With this mindset, you can start investing whether you’re a student who depends on parents, an intern, self-employed or an employee. Whichever amount of money you make per month, you should always put money towards investments.
So yes, ‘how do I invest my first 1K?’ is a valid question.
When you’re starting out in your investing journey, it’s not about how much money you invest, it’s about mastering the habit of saving and investing consistently.
It’s about teaching yourself that you do not need a reason to save money because as Morgan Housel teaches in his brilliant book The Psychology of Money, having a reason for saving (or investing) would only make sense if we lived in a predictable world, a world without surprises and curveballs. We are nowhere close to such a world, right?

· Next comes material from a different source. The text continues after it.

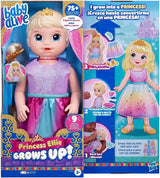 Baby Alive Princess Ellie Grows Up! Interactive Baby Doll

Most people will list their responsibilities to show they cannot afford to invest. Investing in your future is not optional: you have to learn early on that paying yourself first is mandatory.
“Saving money is often associated with sacrifice. However, you can associate it with freedom rather than limitation if you realize one simple truth: living below your means INCREASES your future means. The money you save this month increases your purchasing power next month.”- Atomic Habits by James Clear
And now, lady/gent, here are practical ways to help you answer the question:
What can you invest in with 1,000 shillings?
‘‘The first idea-simple, but easy to overlook-is that building wealth has little to do with your income or investment returns, and lots to do with your savings rate.’’ – Morgan Housel
1. Invest in a personal/business website
A personal website, which can include the services or products you offer, is an extremely useful professional tool.
This website has helped me:
I suck at traditional networking that involves attending conferences, cocktail hours or sending cold emails.
I learnt from James Clear that “The most effective networking strategy I’ve found has nothing to do with conferences, cocktail hours, cold emails, or any of the common ideas you hear.
1) Do interesting things.
2) Share them publicly.
Like-minded people will come to you.”
It works like magic!
Land financial coaching clients.
Being a personal finance coach wasn’t part of the plan when I started this blog. The initial goal was to simply document my financial freedom journey as I build a community of young people who have honest conversations about money and help each other build wealth.
After a year of consistently publishing articles, a few people started reaching out and asked me to be their financial coach. See? Being consistent and having a professional website pays.
Impress a few people😉
Both professional and in social settings.
We all have a digital footprint, one of the best ways to enhance yours is by having a website.
You don’t need to be a web designer to create your own website. You can build your whole site without needing to touch a single line of code as I did.
With Bluehost, you can get started at only $2.95 per month (approximately 317 shillings). This deal also includes a FREE domain name (which usually goes for at least $15), custom email address, and free daily backups for your website, at no extra cost to you!
*Your domain name is your website address. For example, my domain name is thewealthtribe.com.
2. Pay off debt
There are two ways to make a guaranteed return in the investing world:
- Pay down debt (none of your money will go towards paying the interest rates)
- Save on taxes.
Everything else is not guaranteed! Directing your 1,000 shillings towards attaining debt freedom is, therefore, a wise way to ‘invest.’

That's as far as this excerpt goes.